Fevereiro de 2014: como a seguradora Tranquilidade foi posta no "prego"

BES explica ao Banco de Portugal que quer vender parte do BES Investimento em Bolsa no Brasil, bem como parte da BES Vida, o que nunca cumpriu. E que pode fazer um aumento de capital, que de facto aconteceria. A Tranquilidade foi avaliada pelo BESI em muito mais do que valia - e essa história também acabaria mal.

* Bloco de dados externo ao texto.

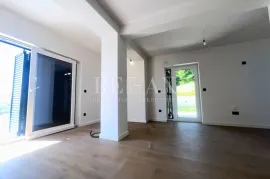Opatija, Ičići - stan s prostranom okućnicom, Opatija - Okolica, Apartamento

Documento: Carta Data: 12 de fevereiro de 2014 De: Banco Espírito Santo Para: Banco de Portugal, Pedro Duarte Neves (vice-governador)

 

As cartas continuam a trocar-se a uma velocidade vertiginosa no mês de fevereiro, por causa do pagamento do papel comercial. Está definida a provisão de 700 milhões de euros, que cobre os pagamentos dos clientes de retalho em Portugal - os institucionais ficam desprotegidos porque o Banco de Portugal considera que tem sofisticação suficiente para saberem os riscos do que compram e os de retalho no estrangeiro também ficam de fora porque o Banco de Portugal considera que estão perante outras jurisdições de supervisão. Na verdade, há quem depois venha dizer que o Banco de Portugal estava apenas preocupado com questões de reputação do BES, pelo que só os clientes de retalho em Portugal o preocupavam. Os outros, mesmo que reclamassem, não tinham capacidade de gerar instabilidade na relação de confiança generalizada dos depositantes em relação ao BES.

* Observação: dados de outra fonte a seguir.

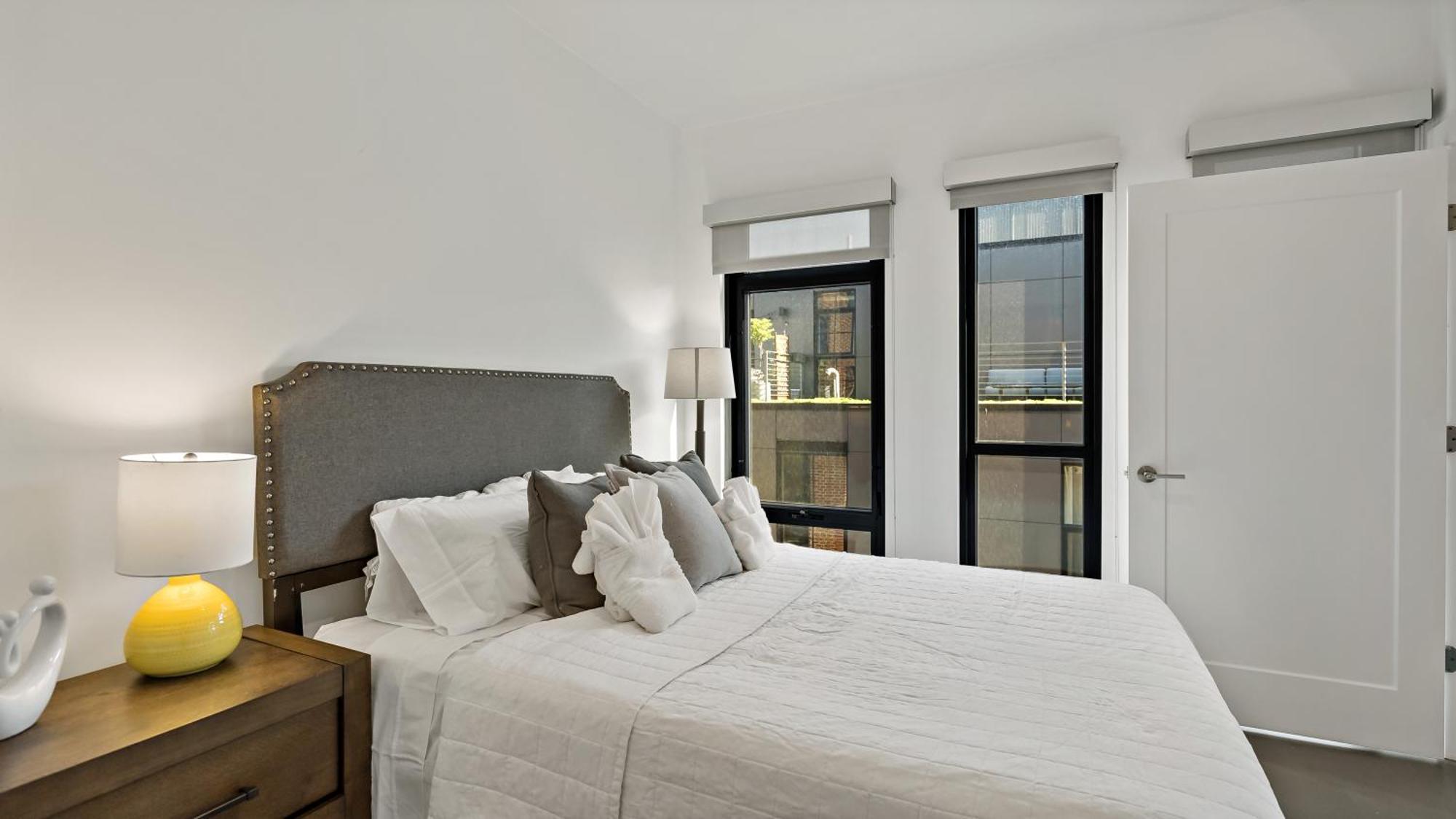 Pure Voyage Shaw Aparthotel Washington Bagian luar foto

Em carta de dia 12 de fevereiro de 2014, o BES responde a questões anteriores do Banco de Portugal, colocadas por carta no dia 4 do mesmo mês. "Para fazer face ao montante em dívida a 13 de fevereiro, 799 milhões €, a ESI está a executar um plano de deleverage", o célebre plano que está sistematicamente a ser invocado, mas que nunca seria executado completamente.

É nesta carta que fica escrito que a seguradora Tranquilidade foi dada como garantia para uma linha de crédito do BES à ESFG para reembolsar o papel comercial: "Caso a ESFG não regularize essa dívida perante o BES no prazo de 30 dias, o BES acionará o mandato irrevogável de venda da Companhia de Seguros Tranquilidade", que por sua vez "foi avaliada, a 30 de junho de 2013, por 899 milhões € pelo BES Investimento, tendo-se considerado no processo ETRICC prudente utilizar um valor de referência de 700 milhões €". Esta história acabaria mal. Primeiro, porque a Tranquilidade não valia nem 899 nem 700 milhões de euros, como se veria quando acabou por ser vendida, no último dia de julho seguinte. Depois, porque seria descoberto que a própria Tranquilidade investiria em papel comercial do GES, intoxicando-se, portanto.

Juntamente com esta carta, o BES envia um parecer do jurista Alexandre Mota Pinto que dá como boa a garantia soberana de Angola - garantia esta que cairia a 4 de agosto, sem benefício para o BES.

Embora as contas do BES não fossem contaminadas, nesta altura, pelas provisões para pagar o papel comercial, havia riscos de que os rácios mínimos de capital não fossem cumpridos. Para contornar esse risco, o BES informa que está a planear vender parte do BES Investimento em Bolsa no Brasil (o que nunca aconteceu) e fazer uma venda parcial da BES Vida (o que a equipa de Ricardo Salgado também não cumpriu). Além disso, "será possível realizar um aumento de capital do BES no mercado". De facto, assim seria, já em Junho: mil milhões de euros entraram no BES, injeção de capital garantida por investidores... que perderiam tudo.